Economie bleue en Outre-mer : Les potentiels de développement décortiqués par les Instituts d’émission d’Outre-mer

Economie bleue en Outre-mer : Les potentiels de développement décortiqués par les Instituts d’émission d’Outre-mer

Le Grand Port Maritime de La Réunion, 4ème Port de France

Dans une étude publiée ce mardi 30 janvier, les Instituts d’émission d’Outre-mer, IEDOM et IEOM, se sont penchés sur l’Economie bleue dans les territoires ultramarins. « Le caractère littoral ou insulaire des départements et territoires ultramarins tourne nécessairement ces économies vers la mer » notent les Instituts. « L’émergence d’une économie bleue est ainsi une réalité ». En exclusivité pour Outremers360, Marie-Anne Poussin-Delmas, Présidente de l’IEDOM, explique cette étude.

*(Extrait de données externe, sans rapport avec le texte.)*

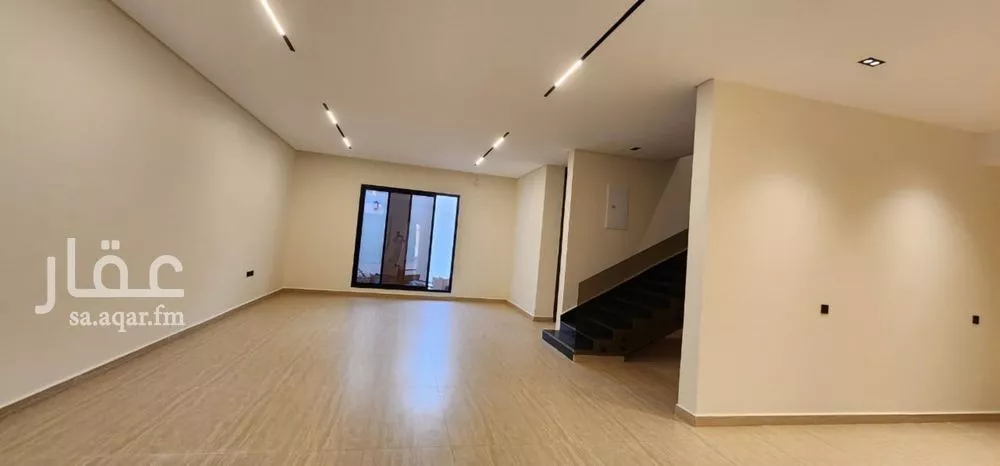 5 bedroom villa in Al Zahrah 3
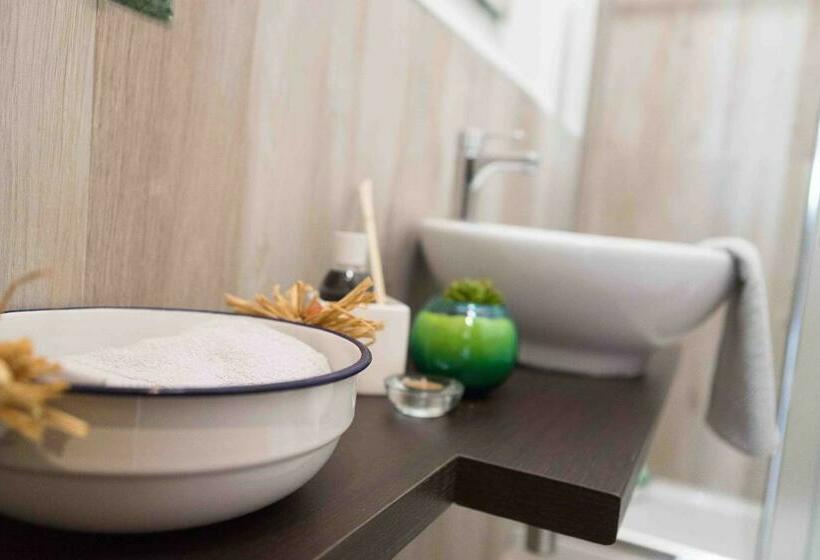 شقة غرفة واحدة, Iori Salento B&b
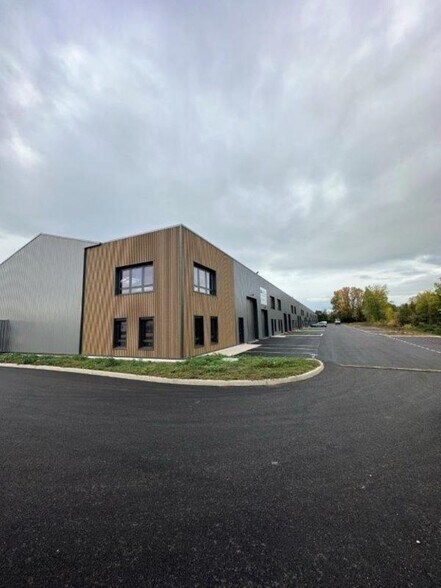 225 Avenue Des Marronniers, Bourgoin-Jallieu for lease - Building Photo - Image 3 of 21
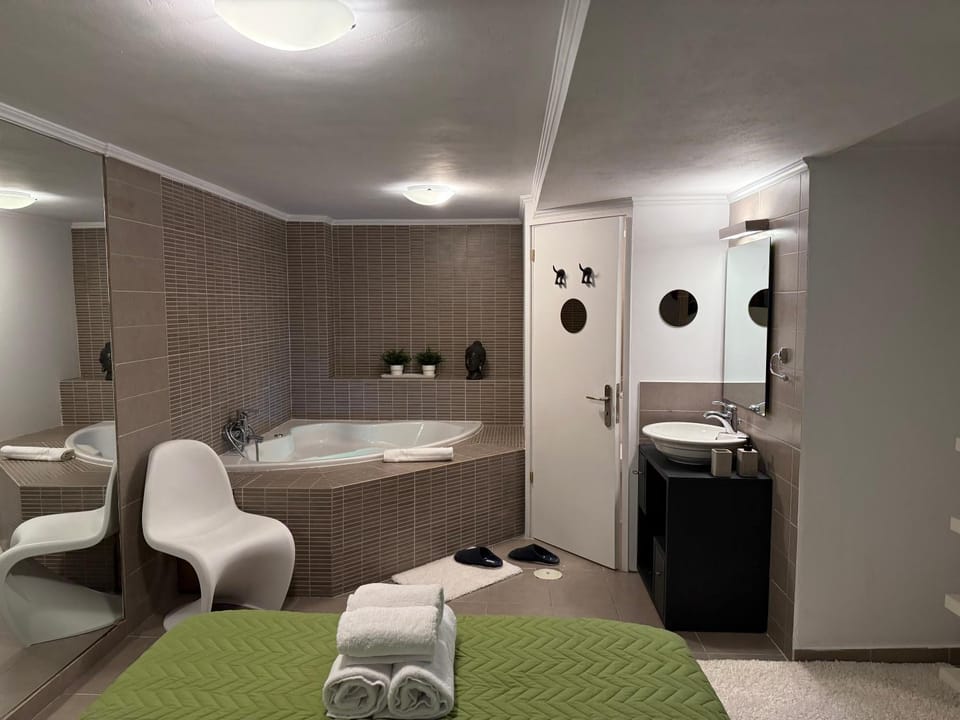 Luxury StudioArchit 7 & jacuzzi suite Apartment in Peloponnese, Western Greece and the Ionian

Deux raisons ont poussé les Instituts d’émission d’Outre-mer à se pencher sur l’Economie bleue. « La première, c’est que la France dispose du 2ème domaine maritime mondial. C’est 11 millions de km², et c’est vraiment grâce à ses Outre-mer car 97% de ces surfaces maritimes sont dans les Outre-mer. C’est un atout géopolitique et économique absolument essentiel. La deuxième raison est une raison économique plus prospective, c’est-à-dire que tout ceci représente un potentiel et les Instituts d’émission d’Outre-mer, qui sont également un observatoire économique, se doivent de mettre en avant des domaines qui peuvent être des leviers de croissance durable », explique Marie-Anne Poussin-Delmas. « C’est d’autant plus important que l’on voit aujourd’hui que les Outre-mer ont une croissance qui est essentiellement fondée sur l’investissement public et la consommation des ménages, et il faut donc trouver de nouveaux relais de croissance. L’économie bleue en fait partie ».

« L’étude que nous avons produite est fondée sur 17 secteurs d’activités qui sont le socle de l’économie bleue, et mesurable en termes de volume d’emplois, nombres d’entreprises et financement, au travers de ce qu’on appelle la Nomenclature des activités françaises (NAF) », poursuit la Présidente des Instituts. « C’est un périmètre que nous avons choisi parce que nous souhaitions quelque chose qui soit vraiment mesurable et que chacune de nos géographies a pu quantifier de façon identique et que l’étude produite est une agrégation de ce qui a pu être collecté dans l’ensemble des géographies ». Le premier constat, c’est le paradoxe entre le potentiel et la vertigineuse dimension maritime des Outre-mer et son poids, relativement faible, dans leurs économies.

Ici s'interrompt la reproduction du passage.